Même les leaders de l’opposition, les mêmes que ceux de 2010-2011, rejouent là même pièce de théâtre. Désormais, ils se sont regroupés dans une plateforme politique pour mieux peser sur les élections. Ils ont probablement dépoussiéré le Front pour l’annulation et la reprise des élections de 2011 ( FARE- 2011). L’ancien Premier ministre de Michel Djotodia Am-Nondroko , Nicolas Tiangaye, refait surface a cette occasion. On prend les mêmes et on recommence. 

France is back

Le déplacement du directeur Afrique et de l’ Océan Indien (DAOI) à Bangui n’est pas anecdotique. Il s’inscrit dans le réchauffement des relations bilatérales et le réengagement d’une coopération multiforme. La volonté de la France ne fait pas de doute. En est-il de même du côté du régime actuel ? On peut en douter.
Très curieusement les principaux entretiens ont essentiellement été réalisés avec Sylvie Baïpo-Temon, la ministre des affaires étrangères, dont tout le monde sait à Bangui qu’elle a très peu de poids politique mais qu’elle a surtout des sympathies avec la Russie. Aucun ministre important n’est apparu publiquement dans les médias ou fait des déclarations, alors que les domaines de la Défense, de la Sécurité, du Budget, de la Coopération et de l’humanitaire étaient sur la Table. Curieusement, cette importante visite s’est faite alors que le Premier ministre centrafricain était fort opportunément en France. Manifestement il y avait un problème d’agenda, voire de communication.

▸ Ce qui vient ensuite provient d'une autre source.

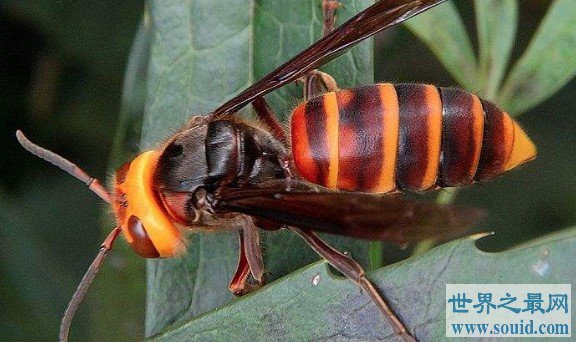 世界上最大的马蜂，是普通马蜂的2倍(www.gifqq.com)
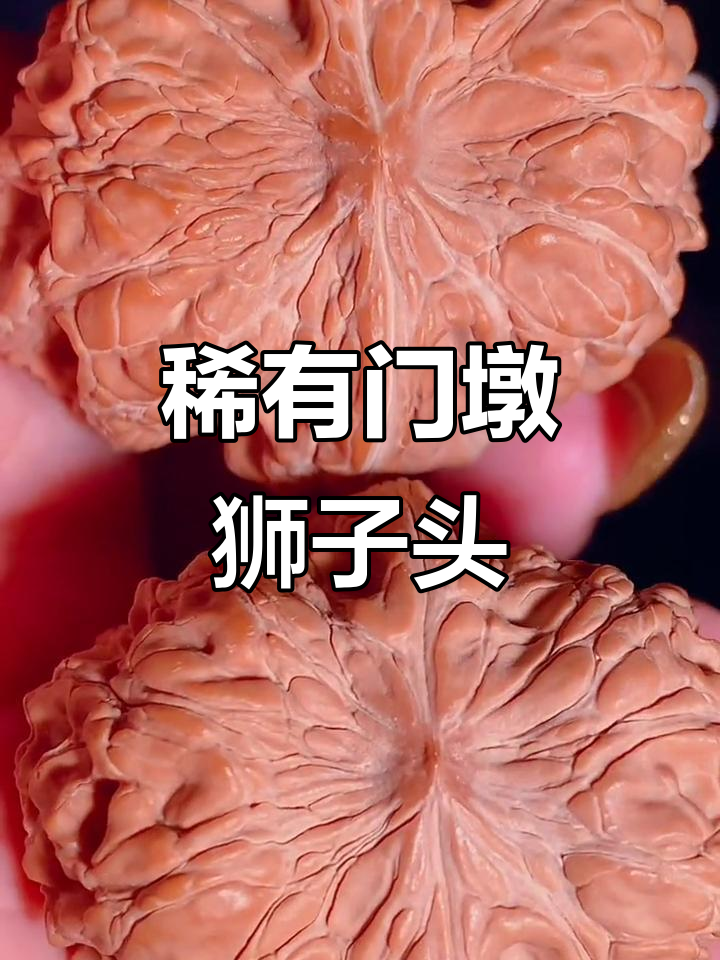 少见大元宝型门墩狮子头,文玩核桃中的珍品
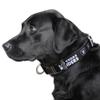 Littlearth NFL Las Vegas Raiders Pet Premium Collar, Team Color, Large view 2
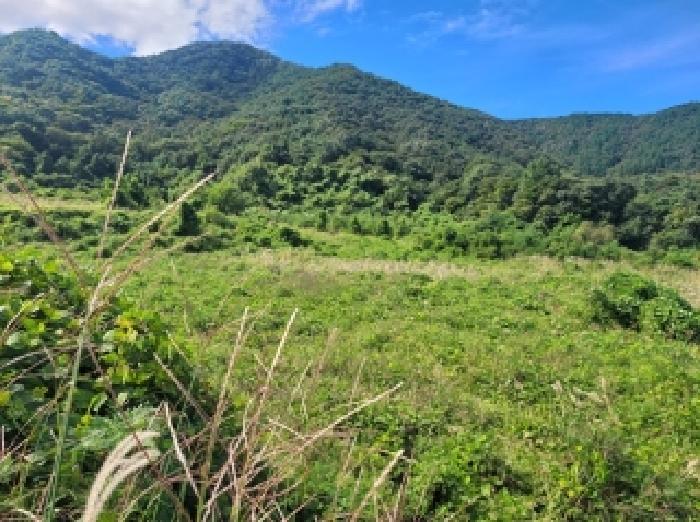 충남 공주시 사곡면 전답 경매 물건 사진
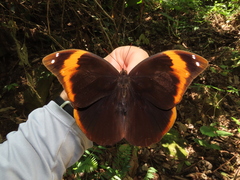 Catoblepia xanthicles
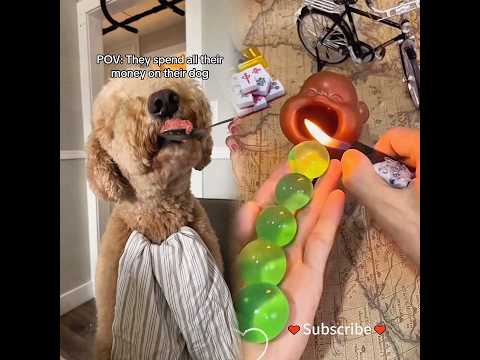 #illustration #tattoo #procreate #drawing #art #whydidntmyexcomeback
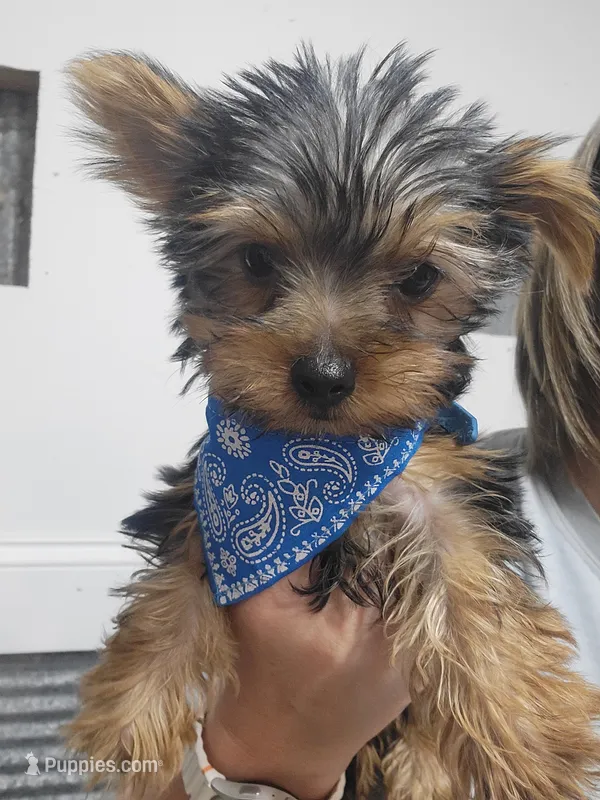 Lucky – Yorkshire Terrier puppy for sale in Neodesha, KS
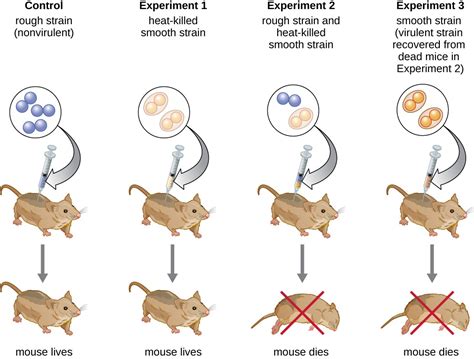 frederick griffith mice experiment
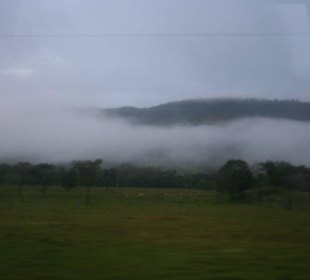 Otoczenie Palenque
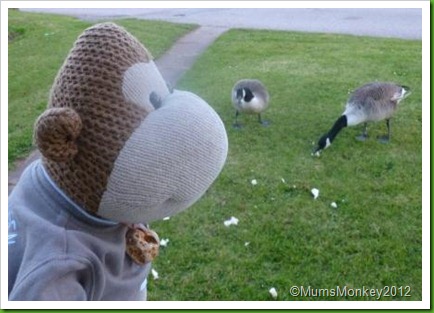 Hungry Ducks in Dawlish Warren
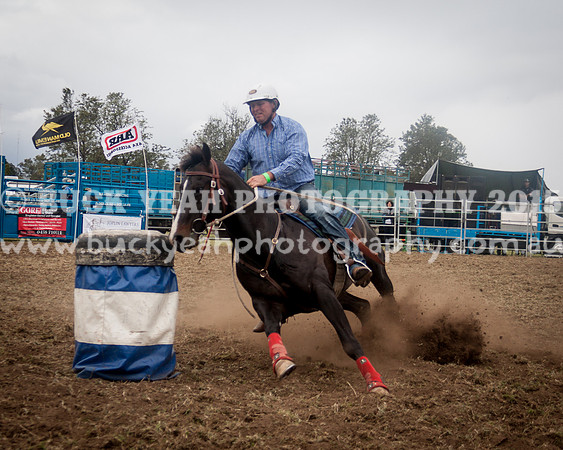 Singleton Show 15 -142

Le communiqué bilatéral, publié à l’issue de ces réunions, le 26 novembre 2019, est évidemment de nature diplomatique. Il est cosigné par Sylvie Baïpo-Temon. Ce niveau du signataire est néanmoins très significatif sur l’intérêt de l’exécutif centrafricain. La visite du Directeur Afrique du Quai d’Orsay vient après les deux récents déplacements du président Touadera en France et surtout sa réception à l’Élysée, en septembre dernier. Il est donc probable que la question de la transparence des futures élections et surtout les relations, très étroites, du Président centrafricain et de son Premier ministre avec la Russie et le groupe Wagner fassent partie des préoccupations françaises. Elles n’étaient certainement pas celles de l’exécutif centrafricain.

59 ans après son indépendance, la République centrafricaine n’a toujours pas acquis sa pleine souveraineté et ne maîtrise désormais plus totalement son territoire. Est-Elle désormais en soins palliatifs ?  Espérons que demain, après des élections bâclées, les mouvements islamistes et l’État islamique qui rôdent à l’est, en RDC, en Ouganda et au Darfour n’y trouvent un intérêt, voire des soutiens locaux.